If a vector space doesn't have an inner-product defined on it, how do the components of a vector change under the change of basis?
If $V$ is a vector space which doesn't have an inner-product defined on it. $\{e_{i = 1,2, \ldots}\} \ \text{s.t } e_i \in V$ form a basis $B_1$ of $V$ and $\{f_{j = 1,2, \ldots}\} \ \text{s.t } f_j \in V$ is another basis $B_2$ of V.

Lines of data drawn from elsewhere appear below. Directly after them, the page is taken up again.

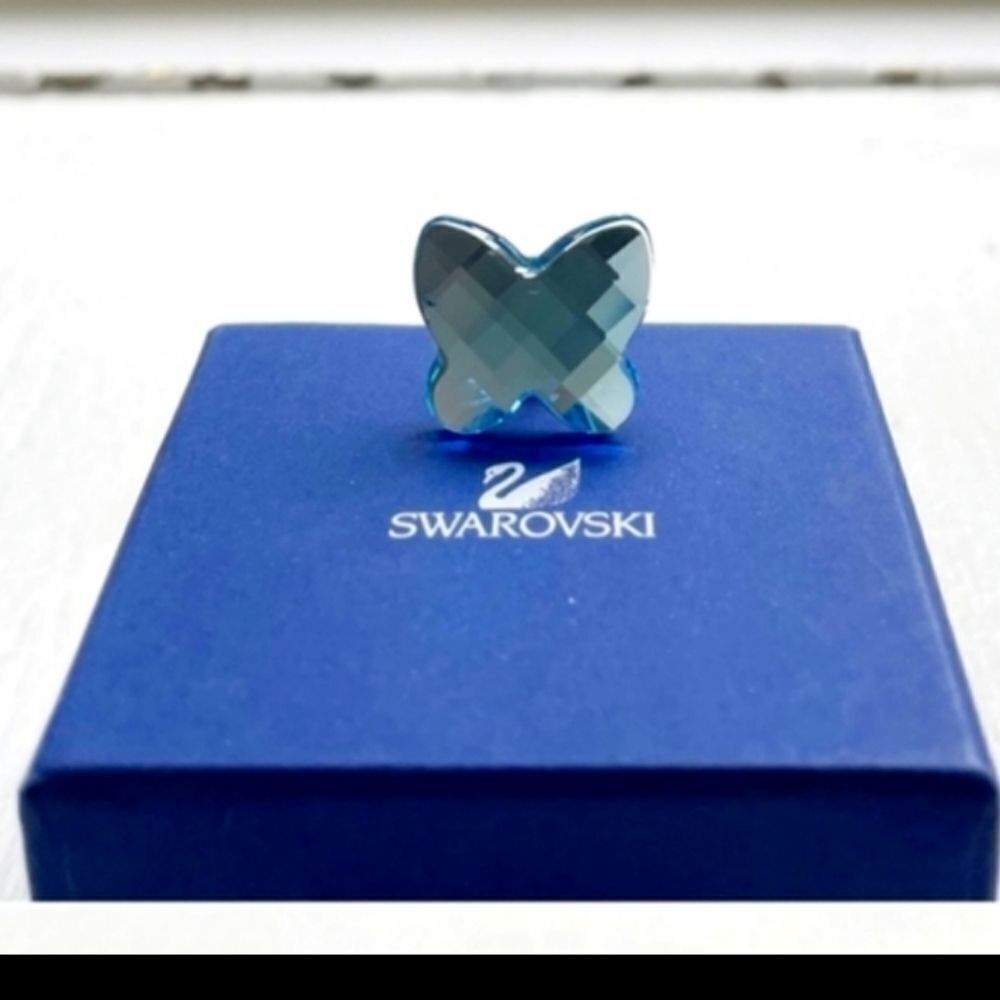 Swarovski Crystal Blue Butterfly Pin/Brooch With Box 3.1 X 2 Cm Stunning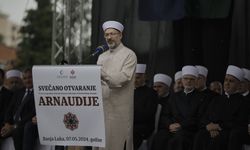 Bosna Hersek'te Türkiye'nin desteğiyle yeniden yapılan Arnaudiye Camisi ibadete açıldı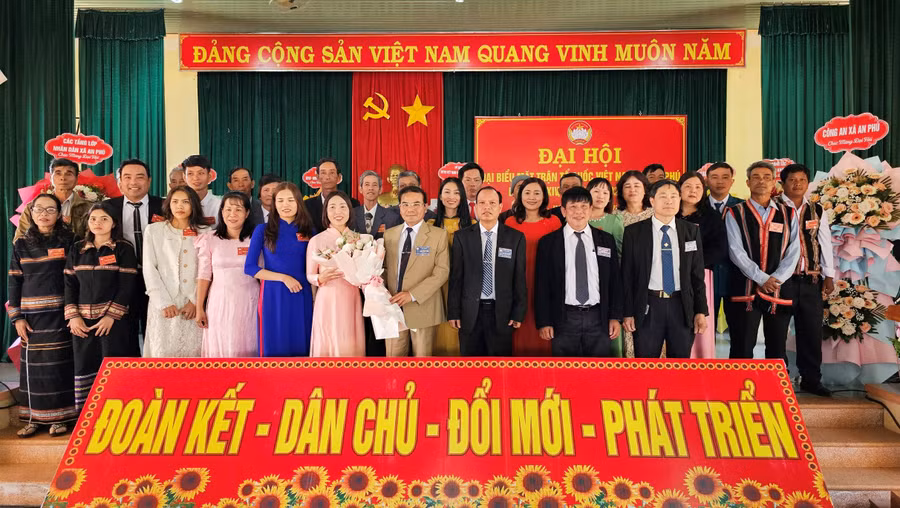 Ủy ban MTTQ Việt Nam xã An Phú nhiệm kỳ 2024-2029 ra mắt nhận nhiệm vụ và nhận hoa chúc mừng của đại diện lãnh đạo cấp trên. Ảnh: A.H Ủy ban MTTQ Việt Nam xã An Phú nhiệm kỳ 2024-2029 ra mắt nhận nhiệm vụ và nhận hoa chúc mừng của đại diện lãnh đạo cấp trên. Ảnh: A.H
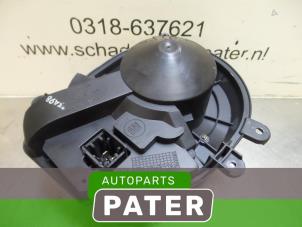 Gebruikte Chaufage Ventilatiemotor Volkswagen Passat Variant (3B5) 1.9 TDI 90 Prijs € 21,00 Margeregeling aangeboden door Autoparts Pater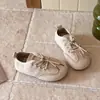 2026 Nuevos Zapatos Planos de Suela Blanda para Niñas, Zapatos de Ballet Casuales, Correa Cruzada Nicho Retro Cordón Zapatos de Entrenamiento Alemanes para Niños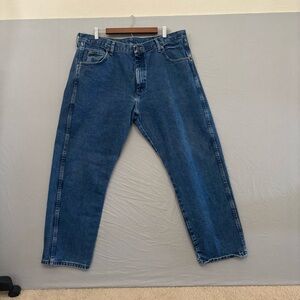 Wrangler Relaxed Blue Jeans with Classic Styling
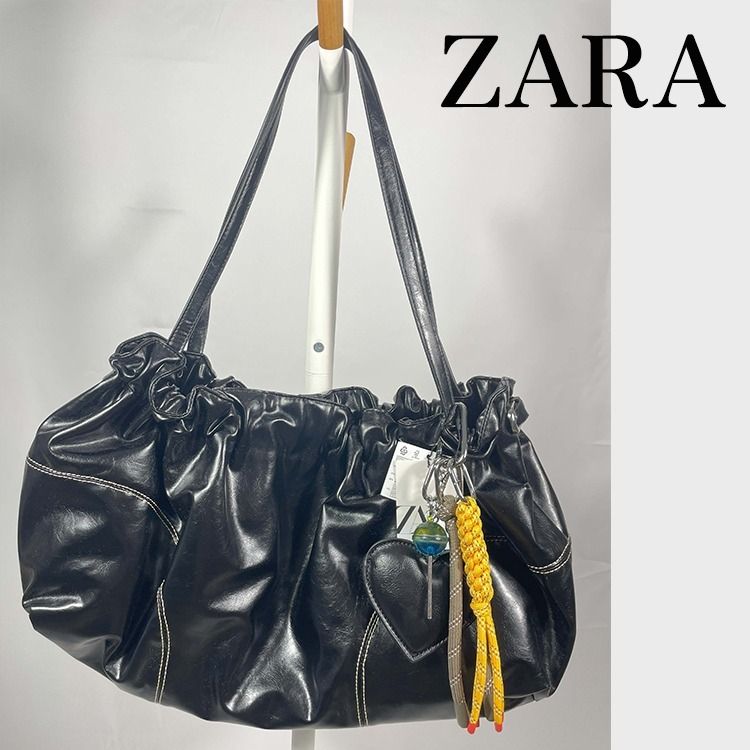 大人気！まとめ一覧 ZARA】チャーム付きギャザートートバッグ (ZARA/トートバッグ バッグ
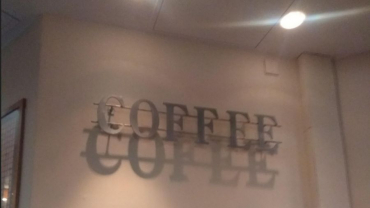 Тень от вывески озадачила пользователей Сети Тень от вывески озадачила пользователей Сети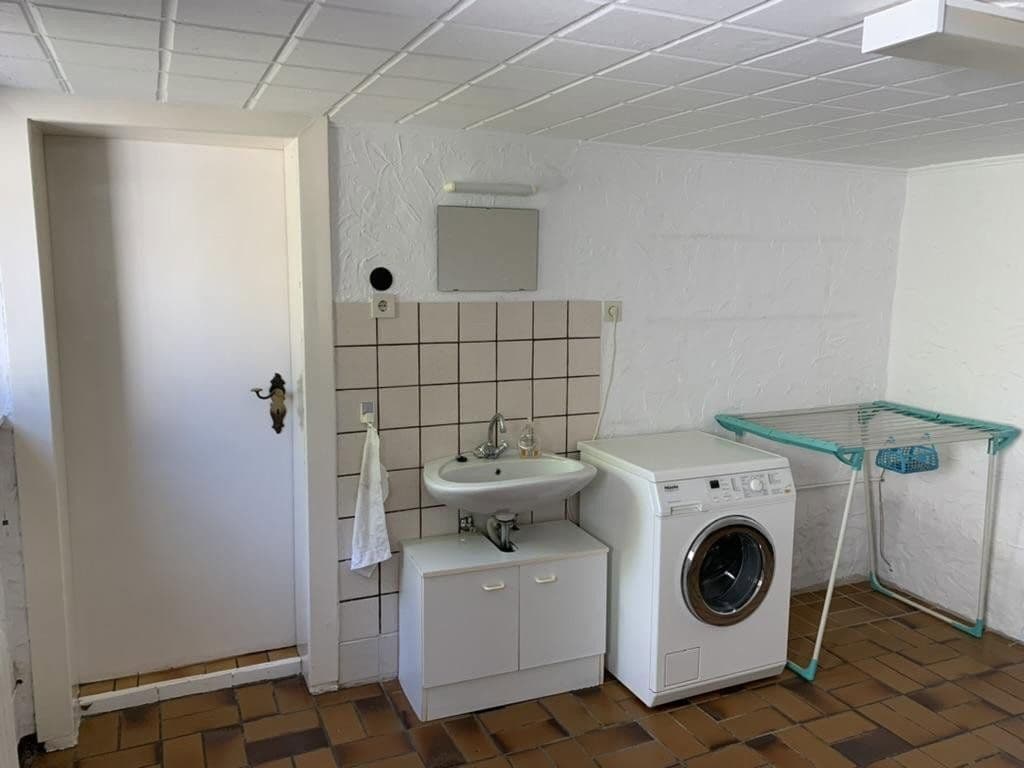 Prodej domu 115 m², pozemek 1.171 m², Velbert, Severní Porýní-Vestfálsko Prodej domu 115 m², pozemek 1.171 m², Velbert, Severní Porýní-Vestfálsko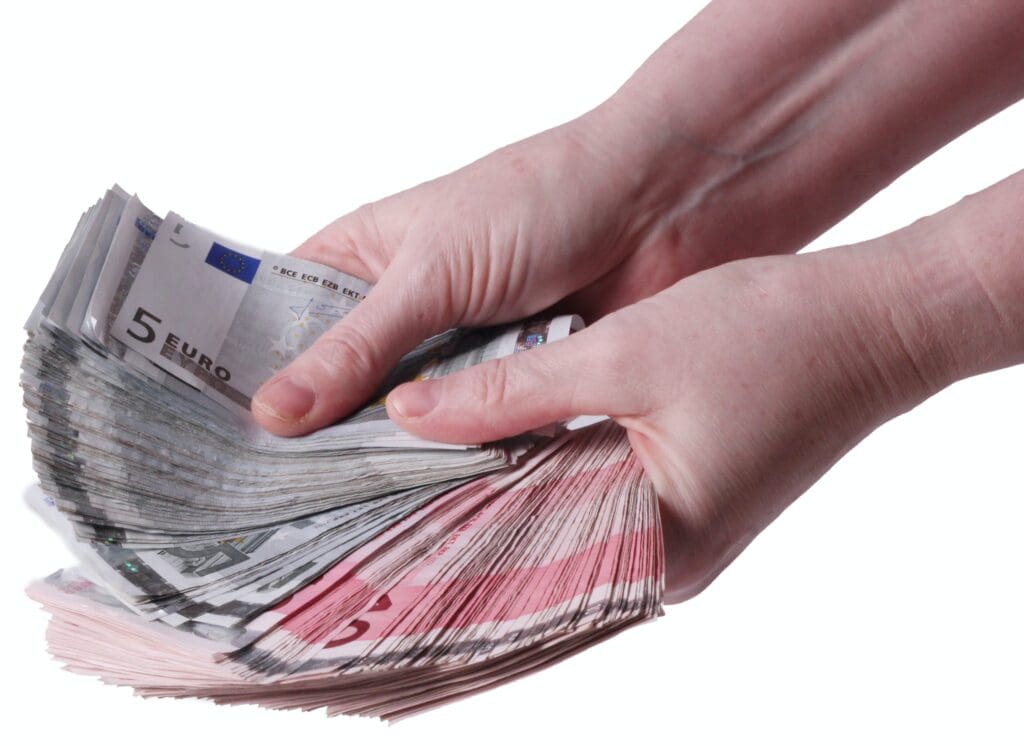 hand, 50, fifty, money, euro, eur, banknotes, bills, stack, notes, many, plenty, bank notes, lots, together, paper, 10, 5, five, dibs, europe, hold on, afloat, liquid, solvent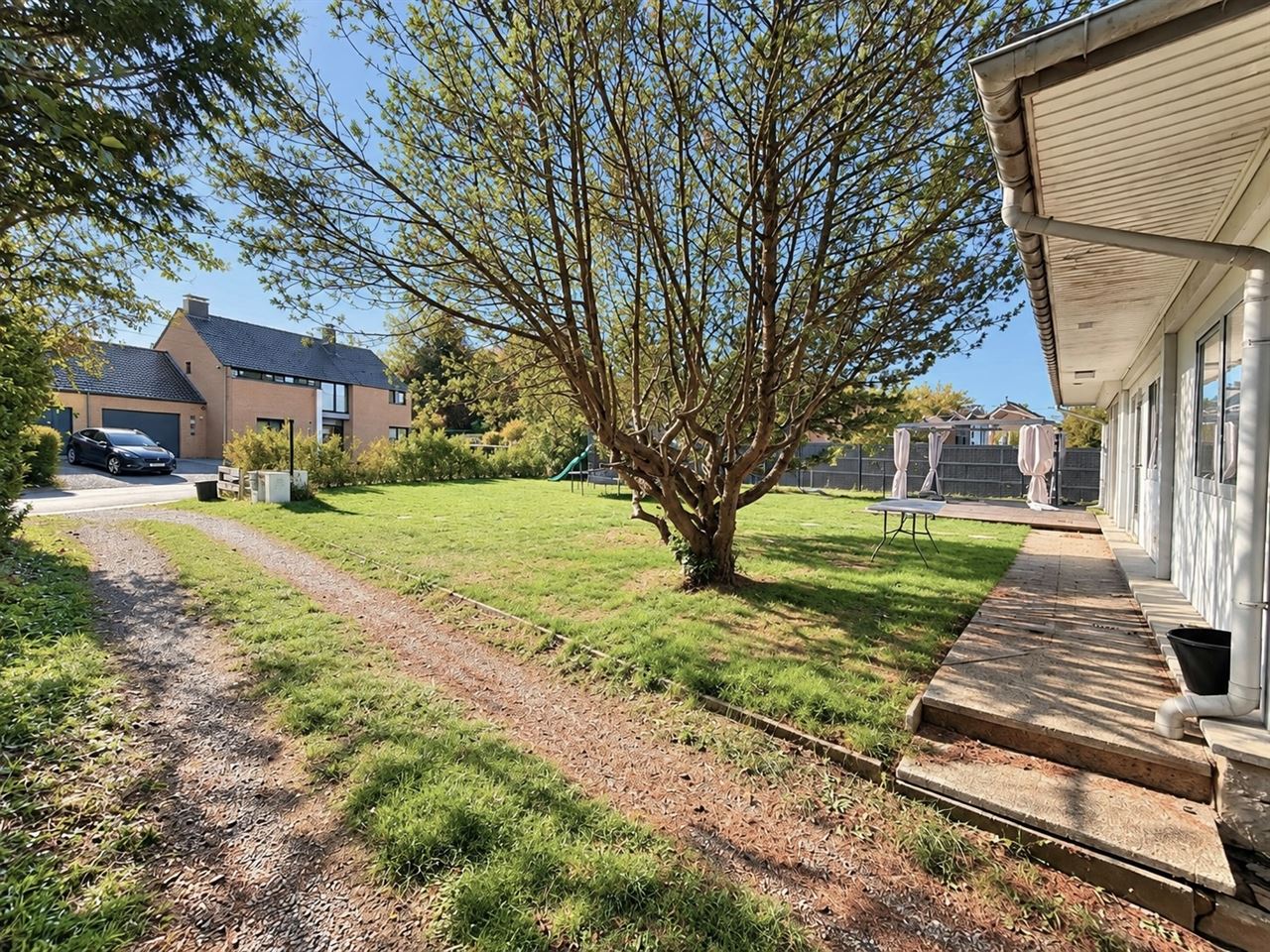 Plain-pied sur 14 ares avec garage et caves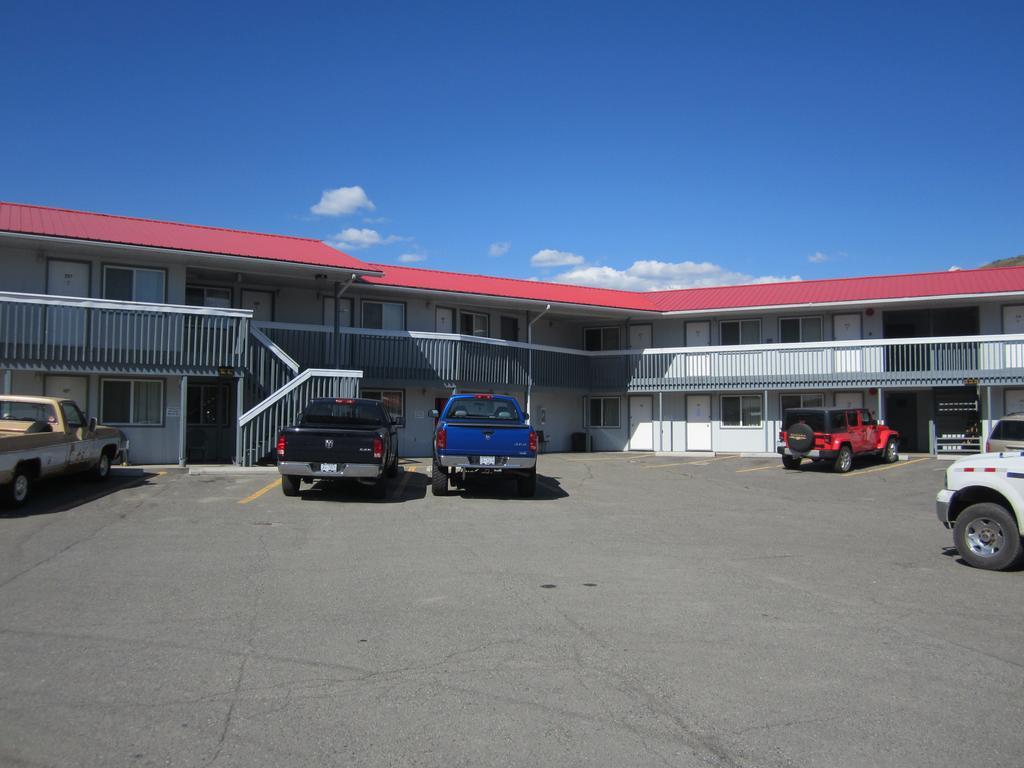 Canada'S Best Value Desert Inn & Suites Cache Creek Exterior foto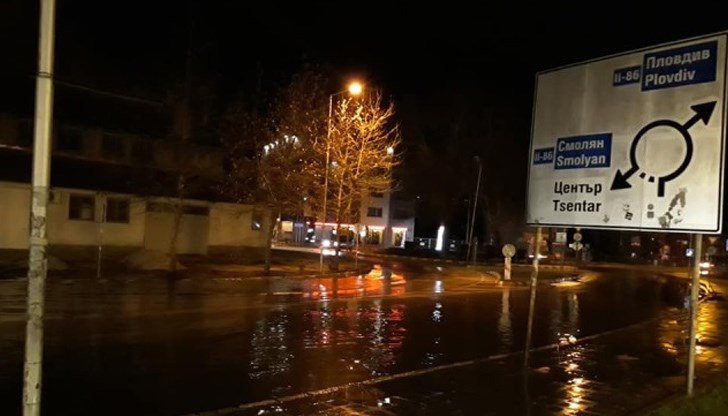 Голяма авария на магистрален водопровод остави 25 000 жители на Асеновград без вода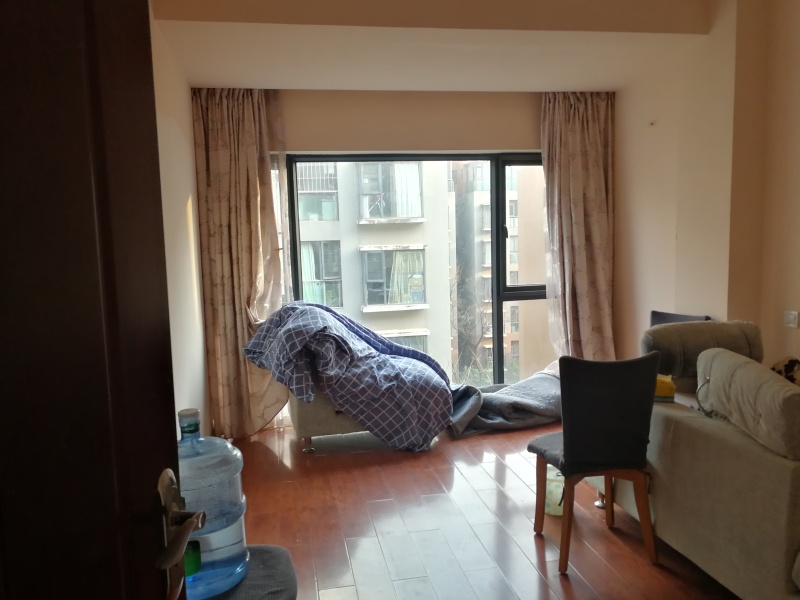 3室2廳1陽臺(tái) 滇池衛(wèi)城錦尚臥室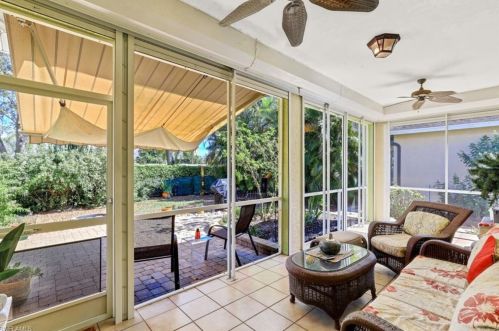 200 Stanhope Cir, Naples FL 34104-0813 exterior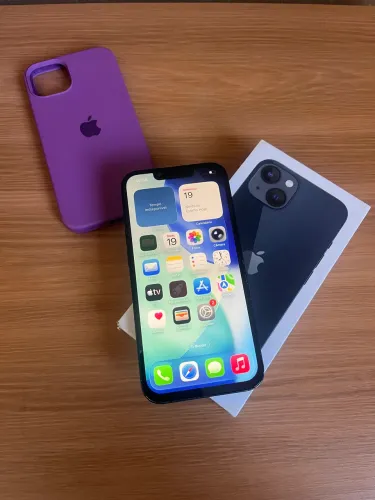 iPhone 13 128gb bem conservado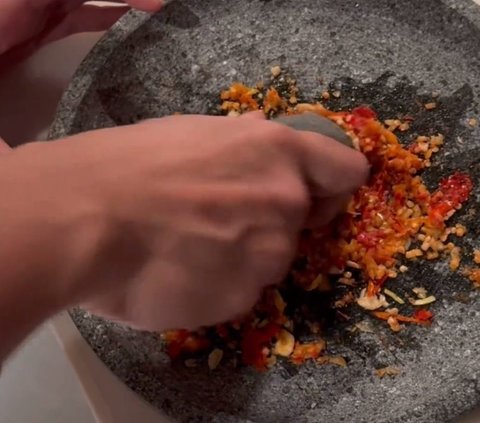5 Photos of Kaesang Pangarep Fulfilling Erina Gudono's Cravings, Willing to Crush Cooking Spices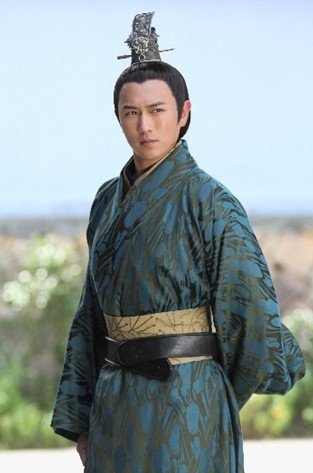 陈键锋《十二金钱镖》转型 戏中上演百变大咖秀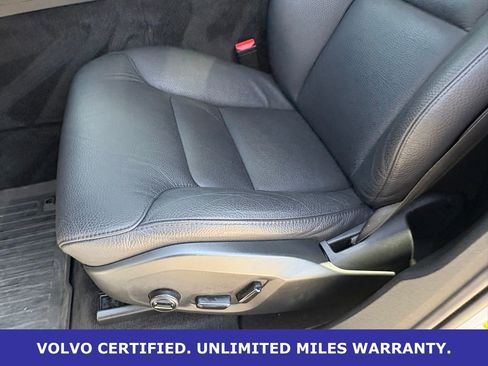 Certified 2023 Volvo XC60 B5 Plus w/ Climate Package AWD/4WD image 29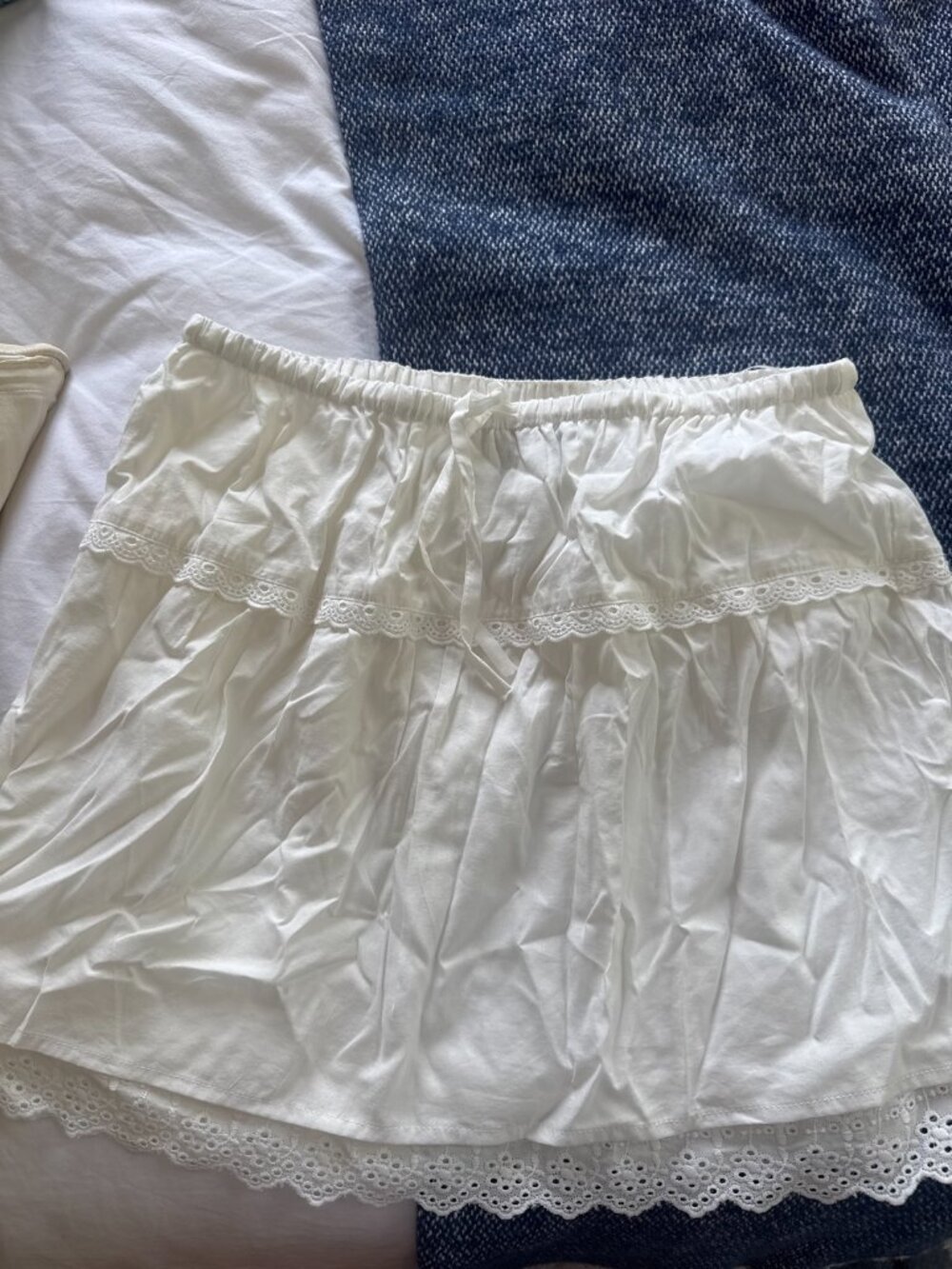 Kourt White Cotton Eyelet Lace Mini Skirt Size 4 Drawstring Elastic Waist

Any vector $v \in V$ can be expressed as $v = \sum_ic_ie_i = \sum_jd_jf_j $. In the absence of the innerproduct given $c_i \ , \ B_1, \ \text{and} \ B_2$ is it possible to find $d_j \ $ ?
The concepts of change of basis and inner product are independent of one another.
If a vector $v$ can be decomposed with respect to two bases as follows
$$v = \sum_ic_ie_i = \sum_jd_jf_j$$
then the way you relate the coefficients of those decompositions is by finding out how the elements of one basis can be expressed as a linear combination of elements of the other basis. Let's assume
$$e_i = \sum_j M_{ij}f_j$$
for some coefficients $M_{ij}$.
Then,
$$v = \sum_ic_ie_i = \sum_{i,j} c_i M_{ij} f_j$$
But since this is also equal to $\sum_j d_j f_j$, we can conclude that
$$\sum_j \left(\sum_i c_i M_{ij} - d_j\right) f_j = 0$$
Now, because the $f_j$ form a basis, the above equality is only true if all the coefficients are $0$ and thus
$$d_j = \sum_i c_i M_{ij}$$
which gives a relation between the coefficients of each decomposition of $v$.